SpaceX Crew Dragon capsule carries first-ever crew of four private citizens to International Space Station as US seeks to commercialise spaceflight
A SpaceX rocket has launched an historic mission to the International Space Station (ISS), the first to the ISS crewed entirely by civilians.
Industry executives and the US’ National Aeronautics and Space Administration (NASA) hailed the trip as a milestone in the commercialisation of space and low-earth orbit.
The four-man team selected by Houston, Texas-based start-up Axiom Space lifted off at 11:17 a.m. EST (1517 GMT) on Friday morning from NASA’s Kennedy Space Center in Cape Canaveral, Florida, for a ten-day mission.
It arrived at the space station on Saturday, after more than 20 hours of flight, with the autonomously operated Crew Dragon capsule docking with the ISS 250 miles above the Earth.
NASA video showed the 25-storey-tall SpaceX launch vehicle, a two-stage Falcon 9 rocket bearing a Crew Dragon manned unit, streaking into blue skies over Florida’s coast.
Axiom is seeking to book private rides to the ISS for those who can afford them, providing them with all necessary training.

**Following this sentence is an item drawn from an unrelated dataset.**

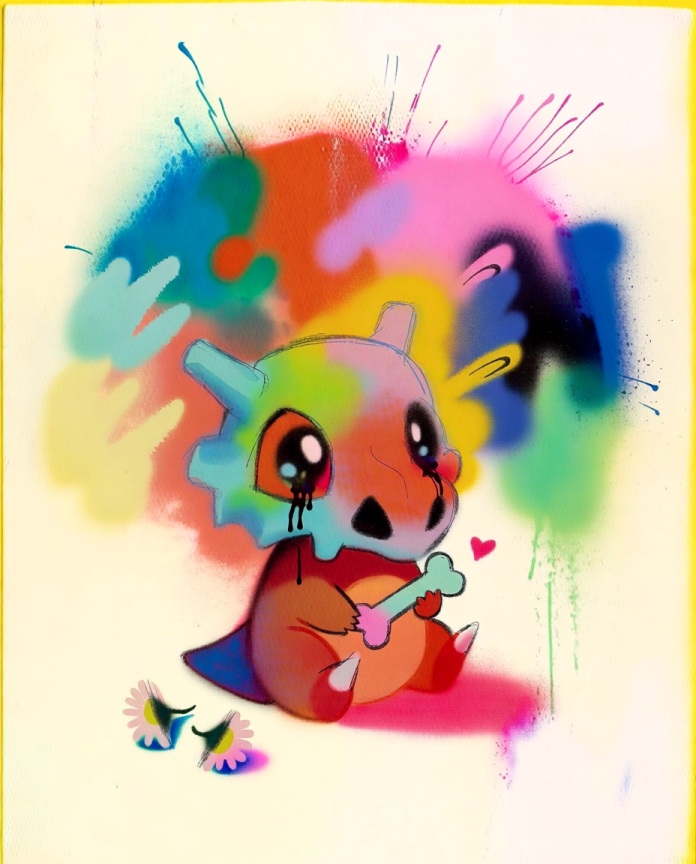 Cubone — Still Here spray paint illustration by Dammit.png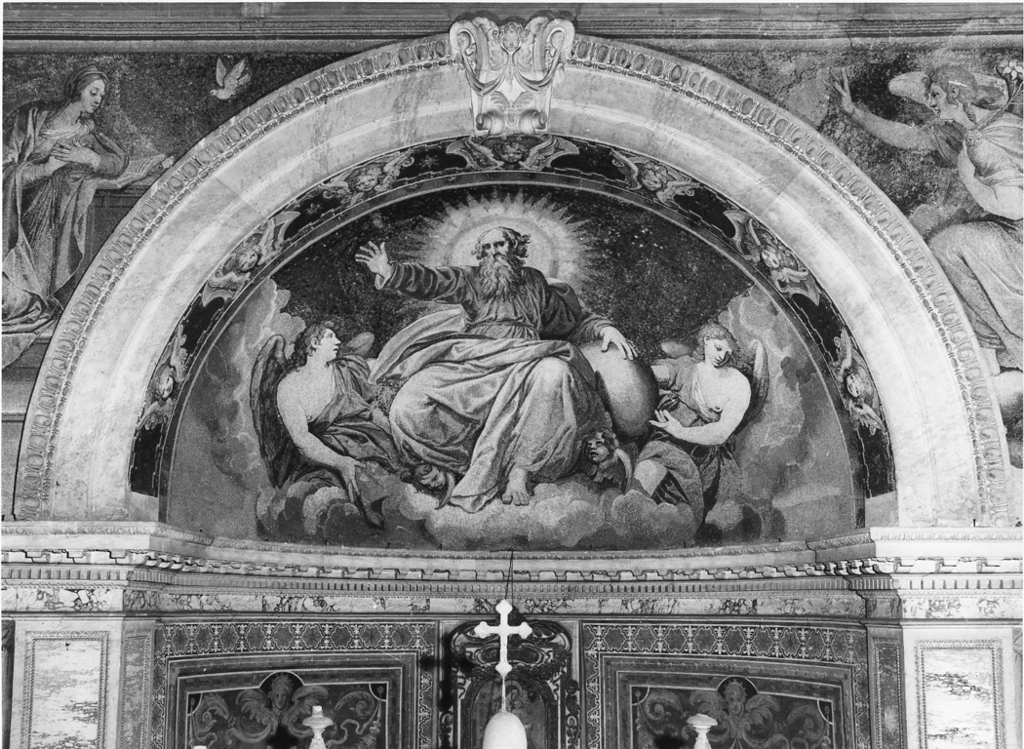 Dio Padre e angeli (decorazione musiva, complesso decorativo) di Cesari Giuseppe detto Cavalier d'Arpino (attribuito), Zucchi Francesco (attribuito) (sec. XVII)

The US government and the private sector are seeking to boost commercial activity to the ISS and to space in general.
The AX-1 mission is commanded by Michael Lopez-Alegría, a retired NASA astronaut now employed by Axiom.
The remaining three passengers are paying customers – Israeli businessman Eytan Stibbe, Canadian investor Mark Pathy and Ohio-based real estate magnate Larry Connor.

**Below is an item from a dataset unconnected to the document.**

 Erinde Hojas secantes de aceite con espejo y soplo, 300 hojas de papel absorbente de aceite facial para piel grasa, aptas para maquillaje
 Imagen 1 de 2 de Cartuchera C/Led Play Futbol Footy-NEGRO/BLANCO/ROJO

Russia has sold seats on its Soyuz spacecraft in the past, but AX-1 is the first mission to space with a crew entirely comprised of private individuals.

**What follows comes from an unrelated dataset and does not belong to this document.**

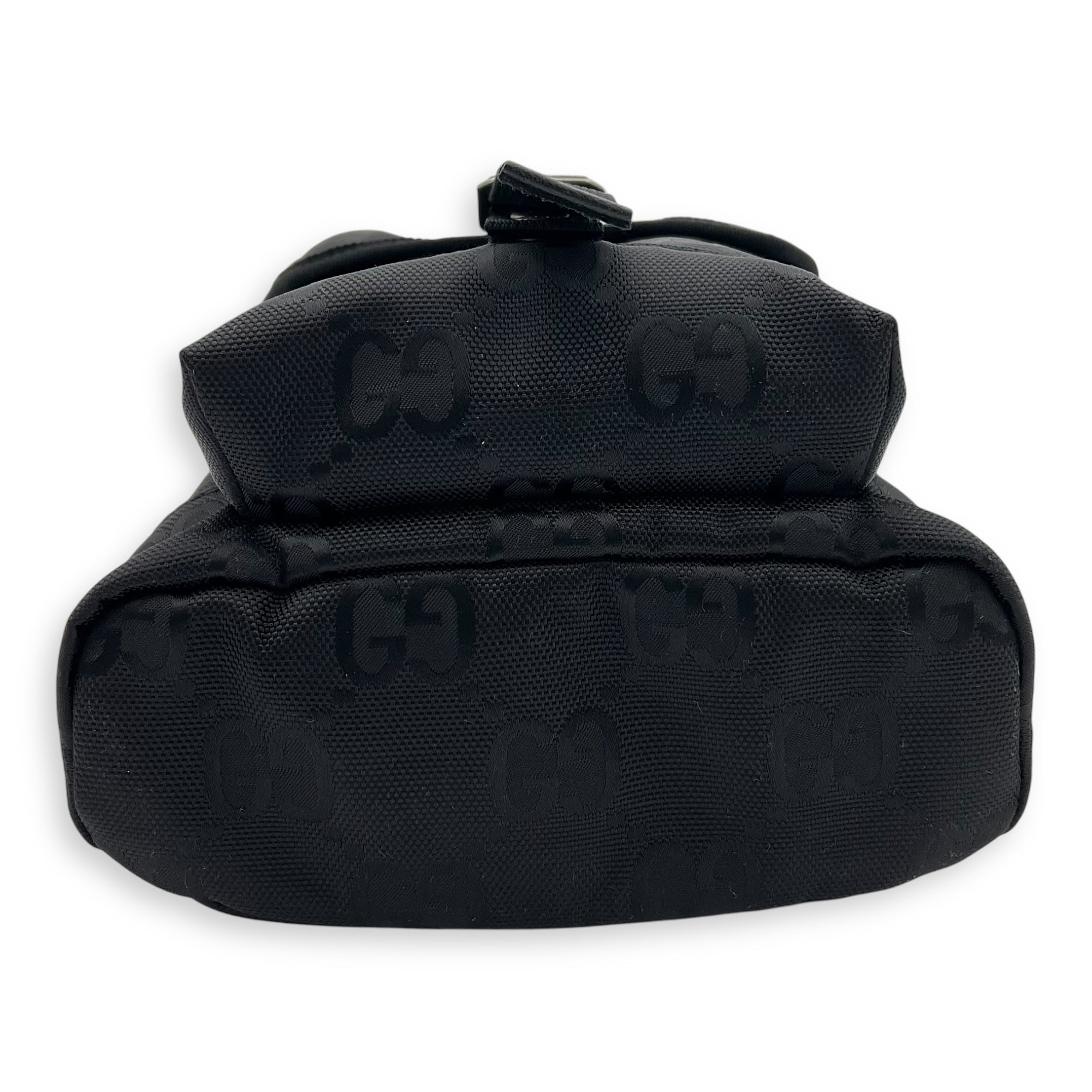 GG Backpack Black in Nylon, Silver hardware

It’s also the first time private citizens have travelled to the ISS on a US-made spacecraft.
Axiom has previously given a price of $55 million (£42m) per seat for a 10-day trip to the ISS, but declined to comment on the price for this particular mission, telling a press conference last year only that it is in the “tens of millions”.
NASA has said it charges $2,000 per day, per person for food in space with support from NASA astronauts costing commercial customers another $5.2m.
Mission support and planning by NASA costs an additional $4.8m, the agency has said.
Lopez-Alegría is a veteran of four trips to space from 1995 to 2007, during his time at NASA.